GENOCIDE AND GLOBAL WARMING
This has been a very difficult year in Guatemala. Under President Otto Perez Molina the government has increasingly used military and police violence to accelerate the theft of indigenous lands and the destruction of the environment.
Our partner communities have not been able to escape this violence. The community Monte Olivo was one of the central targets of an August 2014 attack by over 1,000 Guatemalan soldiers who came with private security forces to burn down homes and arrest community leaders. Similar violent, illegal “evictions” of indigenous communities have become common under President Perez.
Genocidal violence has been consistently used against the majority indigenous population in Guatemala since the invasion of the Spanish conquistadors in the 16th century. During these 500 years there have been repeated uprisings by the indigenous and peasant population. In 1944, a coalition of indigenous and non-indigenous peasants, students and teachers rose up in a primarily nonviolent revolution that overthrew US-backed dictator Jorge Ubico. The revolution led to 10 years of democracy and the end to laws forcing indigenous peasants to work on plantations, often for no wage.
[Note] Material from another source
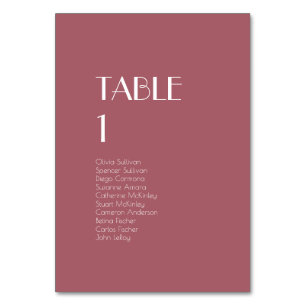 Roos Garden Dark Roos Trouwtafel Nummers Gasten Kaart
These reforms caused great discomfort to the wealthy few who owned the majority of land in Guatemala. The largest landowner at the time was the United Fruit Company. Major stockholders in UFCO included John Foster Dulles (then U.S. Secretary of State), Allen Dulles (then head of the CIA), Henry Cabot Lodge (then U.S. Ambassador to the United Nations) and Ed Whitman (husband of Ann Whitman, then President Eisenhower’s personal secretary). These individuals profited significantly from Ubico’s policies of land theft and forced labor for the indigenous majority. They were also in position to direct the enormous power of the U.S. government against the people of Guatemala.
The U.S. reacted to the humanitarian changes of the fledgling Guatemalan democracy with various forms of military, diplomatic, economic and psychological warfare. A key ally in this warfare was Anastasio Somoza, the longtime dictator of Nicaragua. Somoza received significant military and financial support from the U.S. and used this to repress the civilian population in Nicaragua. He was terrified that the granting of basic rights to citizens in Guatemala could lead to greater demands for justice within Nicaragua. Somoza coordinated closely with the CIA to end Guatemala’s democracy.
The CIA opened training camps in Nicaragua with the purpose of building a small army to invade Guatemala. Because of the strong support for democracy within Guatemala it was clear that a small army would not be enough to overthrow the government. The CIA also started a radio station in Nicaragua which was broadcast into Guatemala and publicly claimed to be located in Guatemala. The station played an important role in sewing fear in Guatemala. It constantly lied about the activities of the government and invented stories about a large opposition in Guatemala.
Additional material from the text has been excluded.